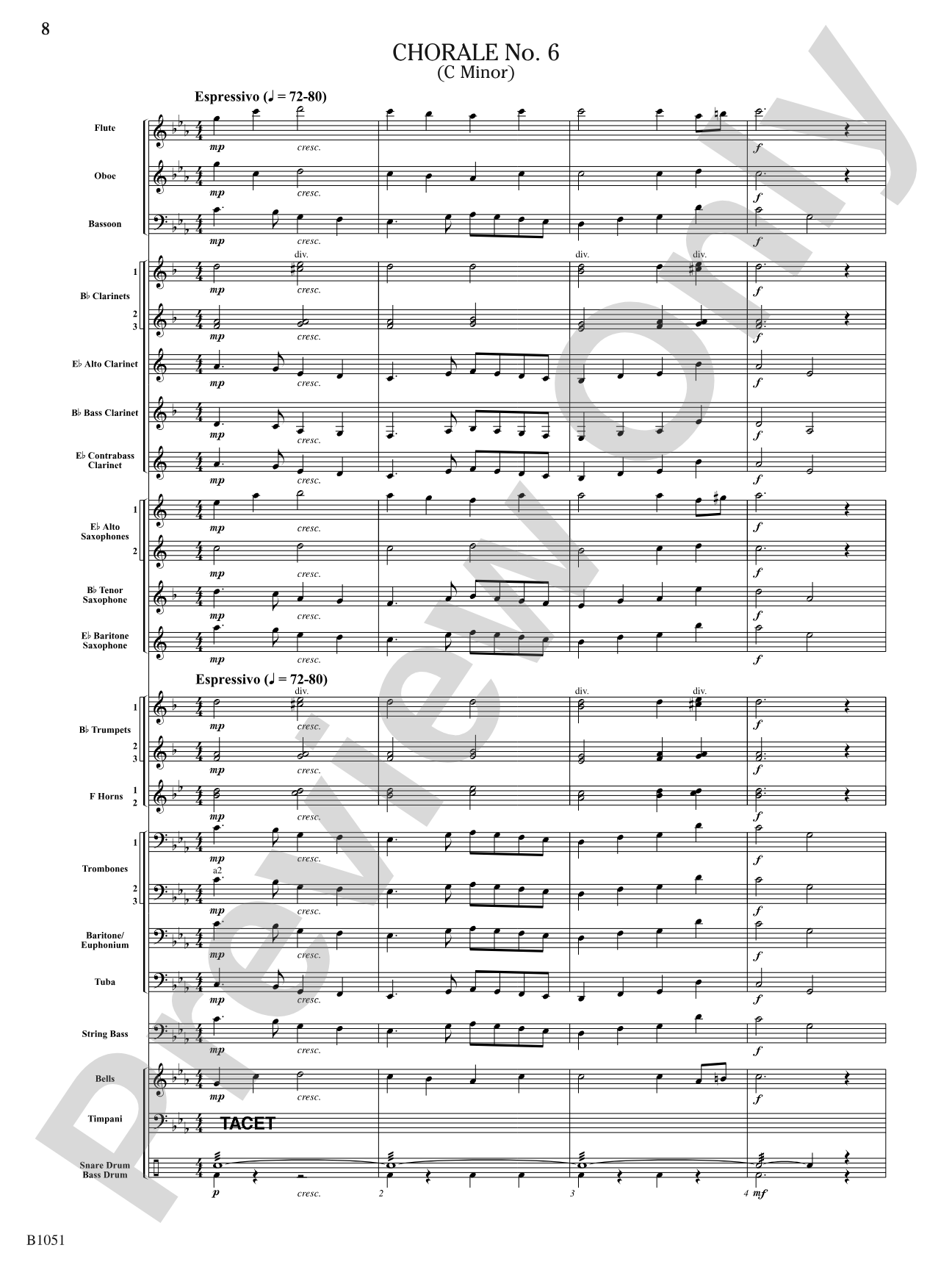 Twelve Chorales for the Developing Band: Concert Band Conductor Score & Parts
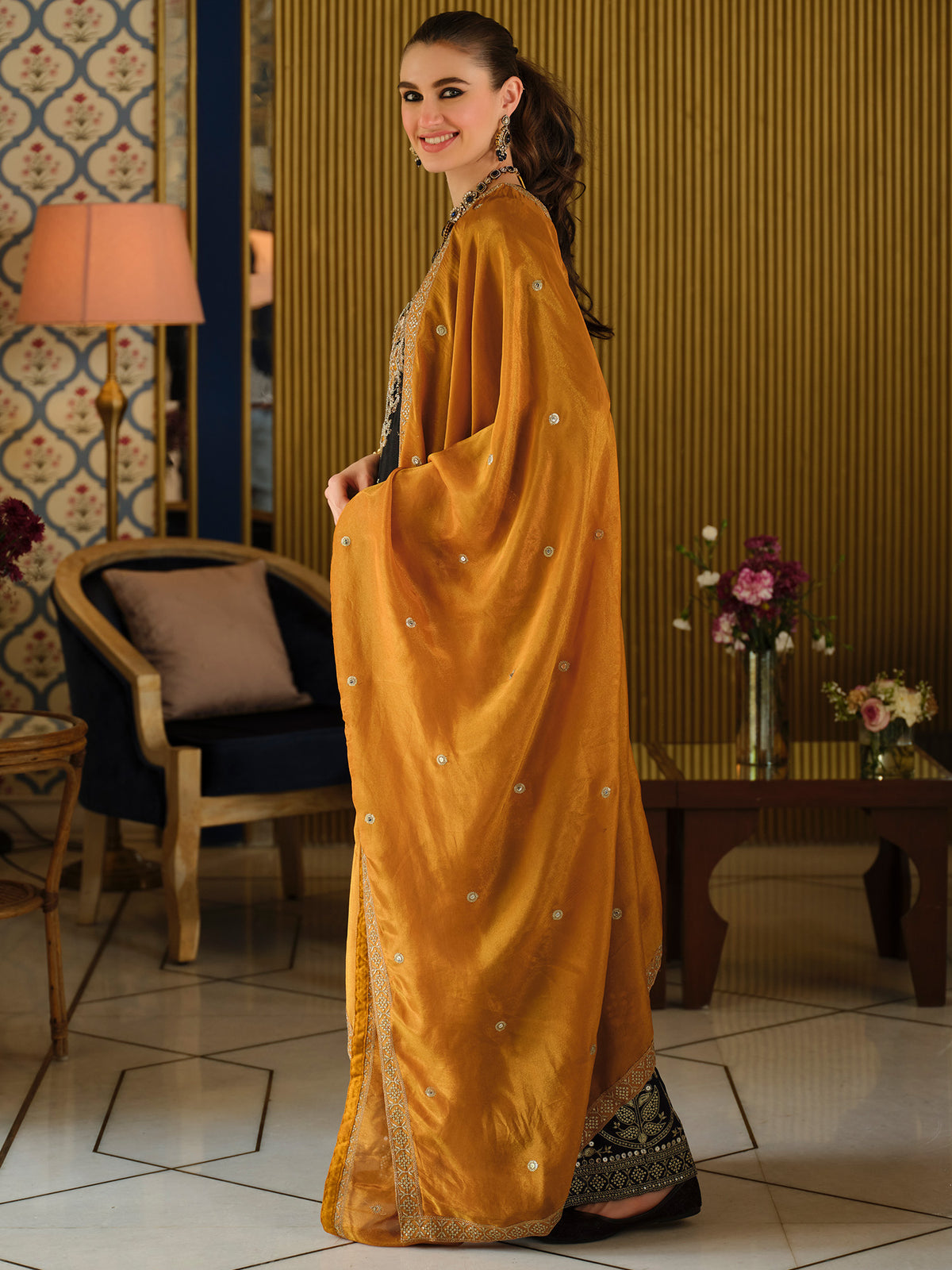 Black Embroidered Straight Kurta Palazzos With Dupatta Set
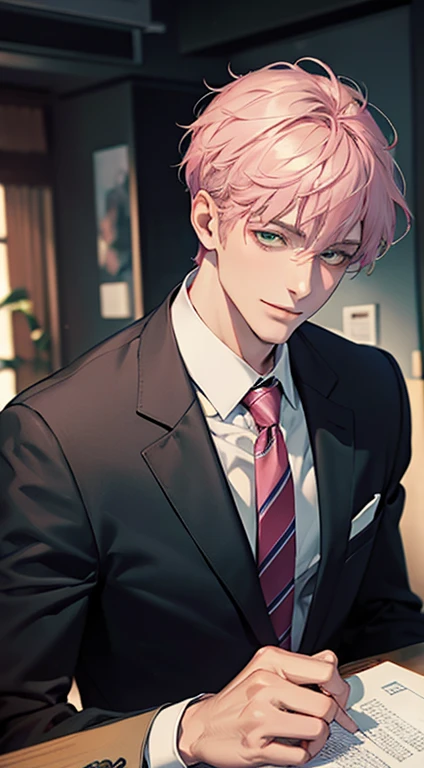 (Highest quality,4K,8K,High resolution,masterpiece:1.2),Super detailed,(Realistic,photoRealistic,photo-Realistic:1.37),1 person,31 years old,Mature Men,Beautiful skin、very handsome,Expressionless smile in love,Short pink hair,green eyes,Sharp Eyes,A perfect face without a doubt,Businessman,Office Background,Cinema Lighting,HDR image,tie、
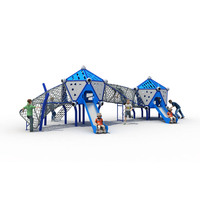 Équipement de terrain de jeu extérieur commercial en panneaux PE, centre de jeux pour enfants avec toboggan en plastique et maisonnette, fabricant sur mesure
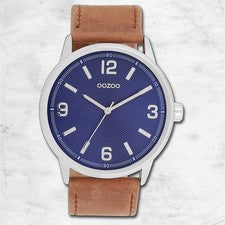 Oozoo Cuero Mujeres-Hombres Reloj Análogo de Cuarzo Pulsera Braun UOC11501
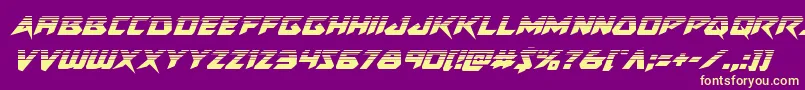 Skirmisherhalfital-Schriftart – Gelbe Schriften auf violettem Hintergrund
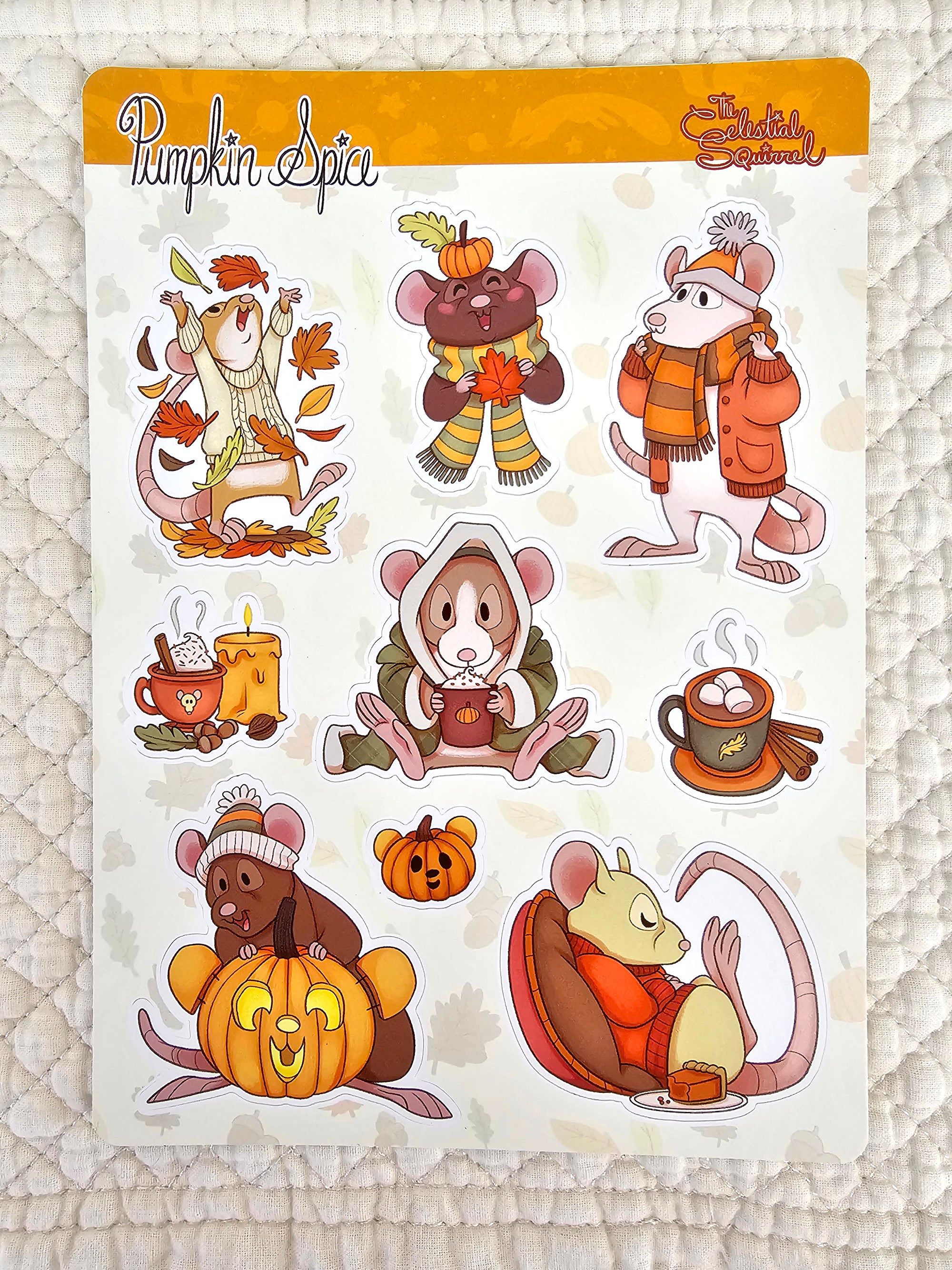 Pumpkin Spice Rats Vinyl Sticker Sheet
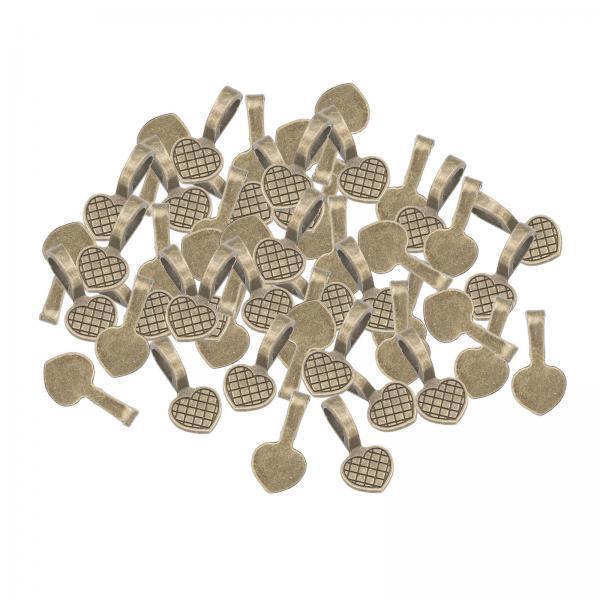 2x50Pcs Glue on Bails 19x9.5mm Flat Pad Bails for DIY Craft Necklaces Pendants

==========

◆ Task item
Emit an exact copy of the lines from the line bearing "Black Embroidered Straight" through the last line above, inclusive, and leave the images out.

◆ Your solution
 Black Embroidered Straight Kurta Palazzos With Dupatta Set
 (Highest quality,4K,8K,High resolution,masterpiece:1.2),Super detailed,(Realistic,photoRealistic,photo-Realistic:1.37),1 person,31 years old,Mature Men,Beautiful skin、very handsome,Expressionless smile in love,Short pink hair,green eyes,Sharp Eyes,A perfect face without a doubt,Businessman,Office Background,Cinema Lighting,HDR image,tie、
 Équipement de terrain de jeu extérieur commercial en panneaux PE, centre de jeux pour enfants avec toboggan en plastique et maisonnette, fabricant sur mesure
 Oozoo Cuero Mujeres-Hombres Reloj Análogo de Cuarzo Pulsera Braun UOC11501
 Skirmisherhalfital-Schriftart – Gelbe Schriften auf violettem Hintergrund
 Pumpkin Spice Rats Vinyl Sticker Sheet
 2x50Pcs Glue on Bails 19x9.5mm Flat Pad Bails for DIY Craft Necklaces Pendants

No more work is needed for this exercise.